INSTRUCTIONS TO FOLLOW >>
Starting with the line that holds "Светильник MS-BREEZE-BUILT-R82-9W Day4000", repeat each line through the last one below, exactly. Pictures stay out.

__________

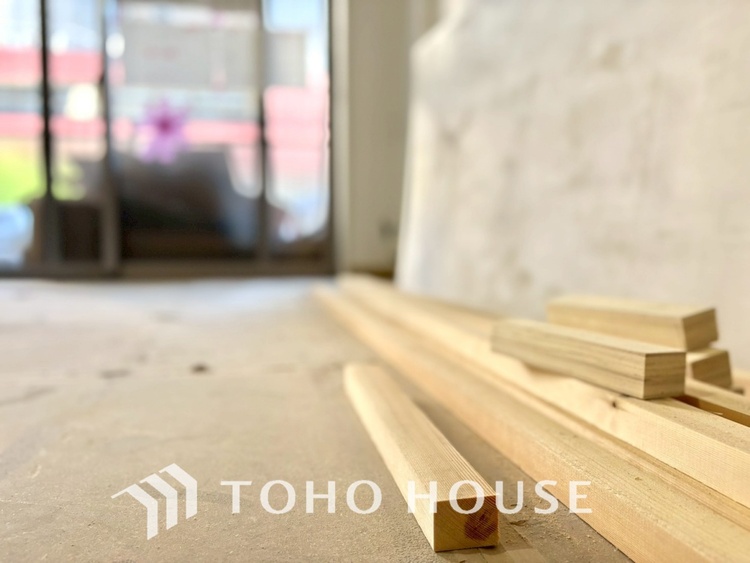 内装 現在改装中◆家族◆愛する家族を一目で見渡せる。家族が集う空間。永遠に続く幸せな毎日を、ここで。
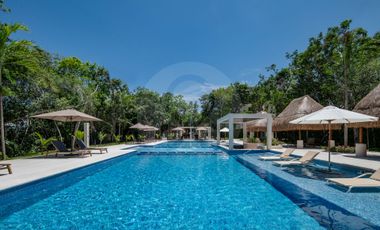 SELVA ESCONDIDA II Departamento en venta en Puerto Morelos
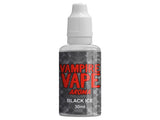 Vampire Vape - Aroma Black Ice 30 ml - VAMPIRE VAPE
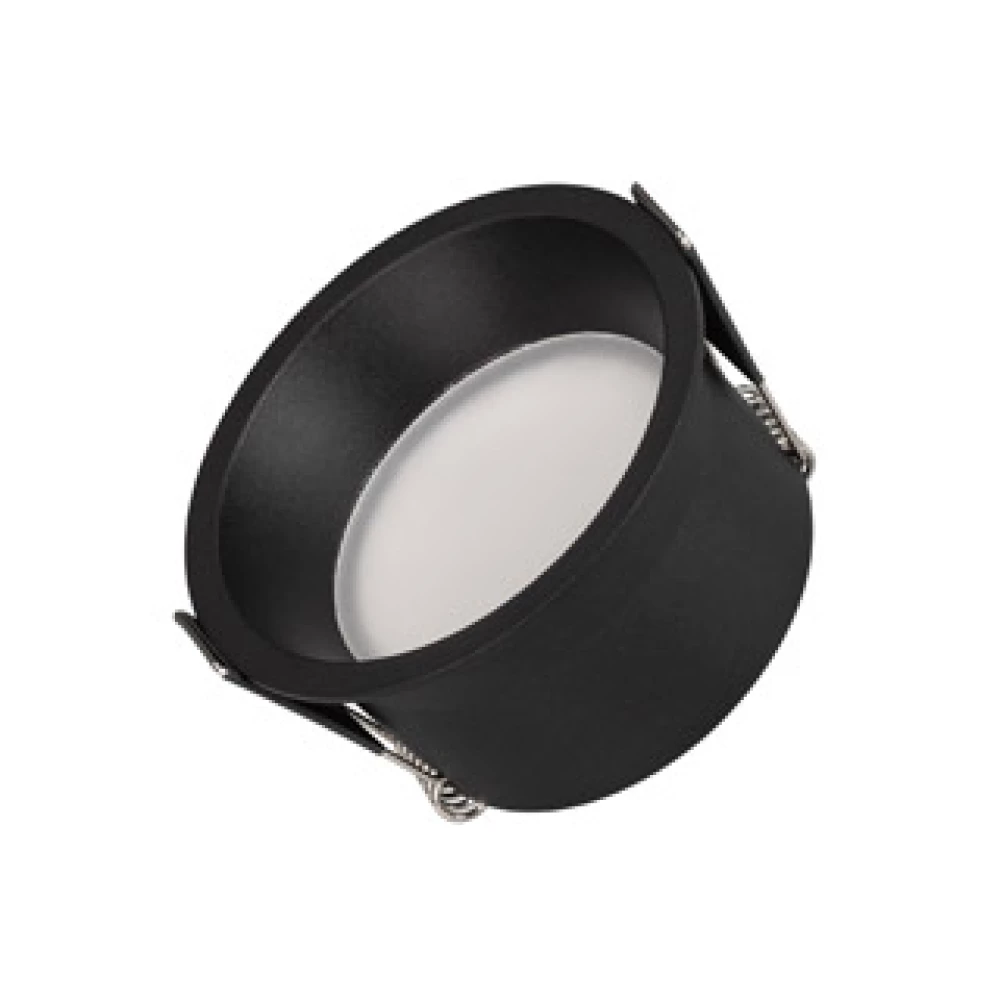 Светильник MS-BREEZE-BUILT-R82-9W Day4000 (BK, 80 deg, 230V) (Arlight, IP20 Металл, 3 года) 035610 - Viokon.com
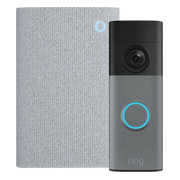 Ring Bedrade Video Deurbel 2e Generatie + Chime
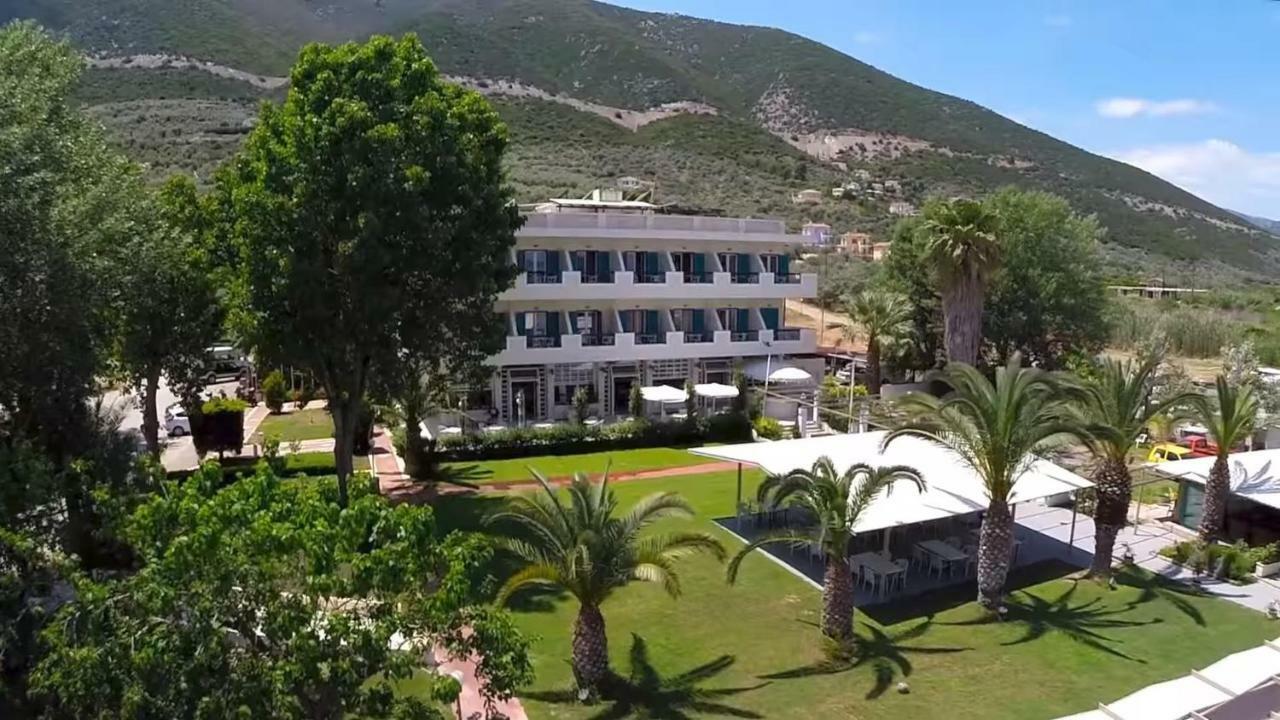 Apollon Hotel Epidaurus Exterior foto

__________

EXERCISE SOLUTION >>
 Светильник MS-BREEZE-BUILT-R82-9W Day4000 (BK, 80 deg, 230V) (Arlight, IP20 Металл, 3 года) 035610 - Viokon.com
 Ring Bedrade Video Deurbel 2e Generatie + Chime
 Apollon Hotel Epidaurus Exterior foto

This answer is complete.